What This Means for Members on the Ground in 2026

The practical consequences have been severe and largely invisible. Without the constitutional mandate for timely elections, several state governments have reverted to superseding boards and appointing administrators. According to NABARD‘s reports, approximately 30% of PACS across certain states were functioning without elected boards as of 2024. The Ministry of Cooperation, established in 2021, has pushed for reforms, but these remain legislative and policy-driven rather than constitutionally guaranteed.

Members of cooperative societies in states like Jharkhand, Bihar, and parts of Uttar Pradesh have reported that audit compliance has slipped. Without the constitutional backstop, state cooperative acts — many of them outdated — govern the sector unevenly. A sugar cooperative member in Maharashtra operates under a vastly different governance framework than a fisheries cooperative member in Odisha. The 97th Amendment was supposed to create a national floor of governance standards. That floor no longer exists.

The Gujarat Contrast: When Cooperative Governance Works

Gujarat offers an instructive counter-example. Even before the 97th Amendment, the state had relatively strong cooperative governance norms embedded in its state legislation. Amul and the broader Gujarat Cooperative Milk Marketing Federation (GCMMF) network had institutionalised regular elections, professional management, and audited transparency long before any constitutional mandate. When Part IXB was struck down, Gujarat’s cooperatives were barely affected — their state-level governance architecture was already robust.

Compare this with cooperatives in states where governance was entirely dependent on the constitutional provisions. In parts of Madhya Pradesh and Rajasthan, the striking down of Part IXB removed the only credible pressure point members had to demand elections and transparency. The lesson is uncomfortable: constitutional provisions matter most where governance is weakest, and those are precisely the places most affected by the Supreme Court’s ruling.

What Comes Next: The Multi-State Cooperative Societies Amendment Act

The central government has been active in filling the vacuum. The Multi-State Cooperative Societies (Amendment) Act, 2023 introduced stronger governance norms for cooperatives operating across state boundaries. The National Cooperation Policy, which has been under discussion, aims to create model guidelines that states can adopt. The Ministry of Cooperation has also been pushing the computerisation of PACS — approximately 63,000 PACS are targeted — which brings digital transparency even where legal mandates are weak.

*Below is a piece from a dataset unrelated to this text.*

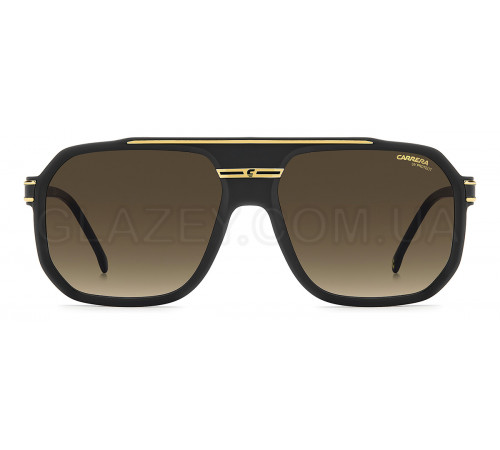 Солнцезащитные очки CARRERA 1077/S I466086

Yet none of this replaces a constitutional guarantee. There have been murmurs within policy circles about a fresh constitutional amendment — one that follows the proper ratification procedure this time. Whether Parliament and at least fifteen state legislatures can align on cooperative governance norms remains an open question in 2026. The political will exists at the Centre, but states guard their cooperative sector jurisdiction fiercely.

What Every Cooperative Member Should Do Now

Back in Anand, the dairy farmer I mentioned at the start continued supplying milk to his village cooperative through all of these legal shifts. He told a local journalist in 2023 that he never understood why elections suddenly stopped being guaranteed or why the society’s audit reports became harder to access. His experience is not unique — it is the default experience across India’s cooperative landscape.

If you are a cooperative society member, I urge you to do three things. First, understand your state’s cooperative act — it is now the primary law governing your rights, not the Constitution’s Part IXB. Second, demand audited financial statements at every annual general meeting; this remains your right under state law in most jurisdictions. Third, engage with your district cooperative federation and push for elected governance. The 97th Amendment’s promise was sound. The procedure failed. But the principles it enshrined — transparency, accountability, democratic elections, member access — are not dead. They simply need cooperative members to fight for them through the institutions that remain.